The Final Rule also expands the “25% of ownership interest” rule beyond that of the CDD rule for financial institutions. 

It expansively includes in “ownership interests” not only traditional equity interests, but also profits interests, convertible instruments, options, warrants, and arrangements relating to voting.   The Final Rule describes multiple types of ownership interests that vary in terms of ease of definition. At one end of the spectrum, equity and stock interests, capital or profits interest, and proprietorship interests can be, under the right circumstances, straightforward. However, the Final Rule also defines the term “ownership interest” to include a host of future conversions of ownership interests that are not easily defined and will likely depend on retrospective analysis that will provide no comfort when reporting companies are making difficult judgments. The Final Rule also adds a catch-all provision to the definition of ownership to include “[a]ny other instrument, contract, arrangement, understanding, relationship, or other mechanism used to establish ownership.”

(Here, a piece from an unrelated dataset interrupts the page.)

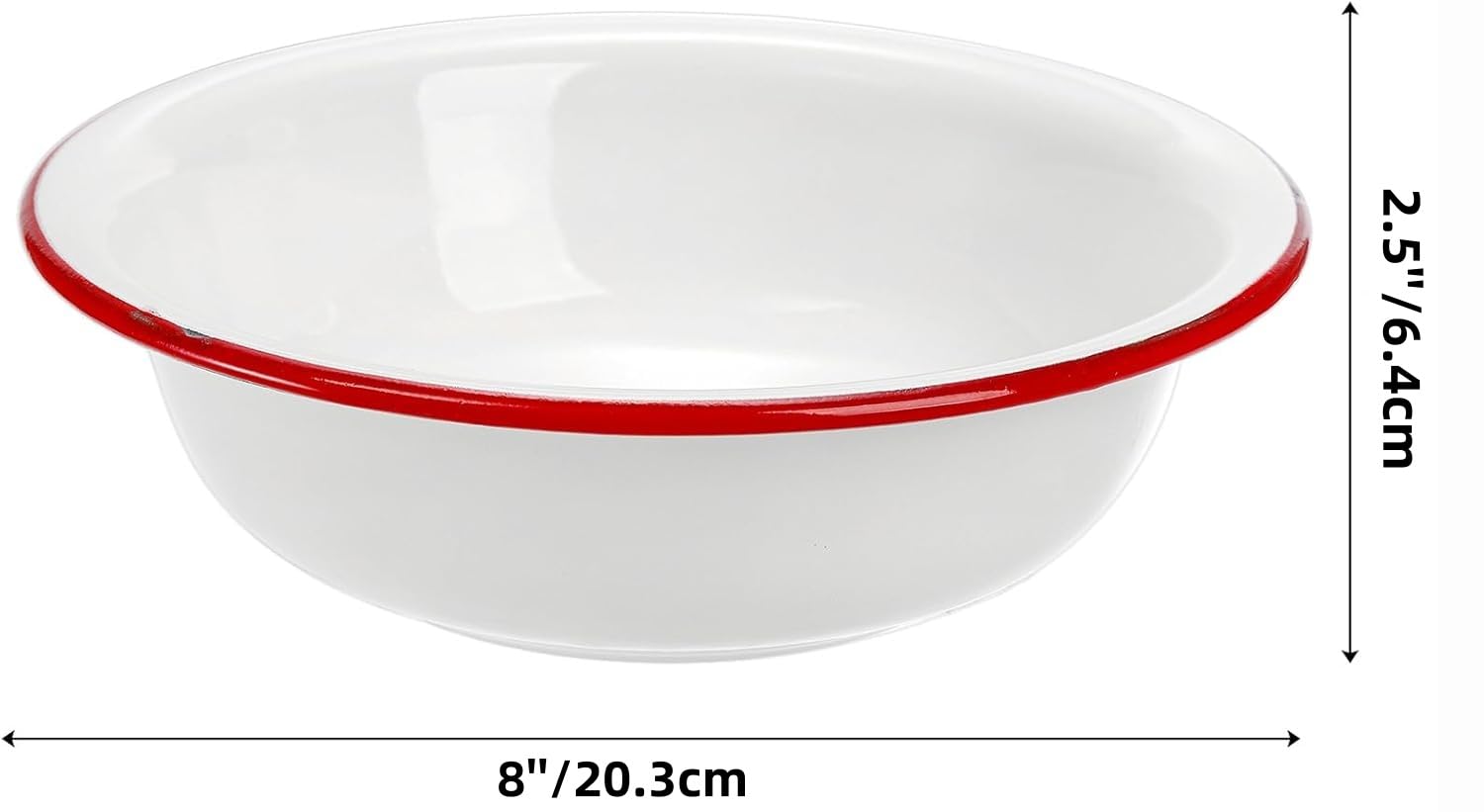 Elsjoy 3-pak emaliowanych misek 20 cm, duża emaliowana miska do mieszania, szeroka emaliowana miska do sałatki z czerwoną krawędzią, białe naczynia emaliowane do zupy, owoców, makaronu, 3 szt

We also note that the Final Rule also includes a discussion of how ownership interests should be calculated in determining whether an individual owns or controls—directly or indirectly—25% or more of the ownership interests of a reporting company. 

D. Company Applicant

In the case of a domestic reporting company, the “company applicant” is the individual who files the document that forms the entity; for foreign reporting companies, the company applicant is the individual who files the document that registers the entity to do business in the United States.

The Final Rule tracks the CTA’s definition of “company applicant” of a reporting company. The Final Rule, however, does add that in addition to the person filing the entity formation or registration document, a reporting company must also report “any individual who directs or controls the filing of such document by another person.” This requirement is designed to ensure that the reporting company provides information on individuals who are responsible for the decision to form a reporting company. FinCEN believes that this information will be useful to investigate the submission of inaccurate information if it is able to identify both the individual who submitted the report and the person who directed or controlled that activity.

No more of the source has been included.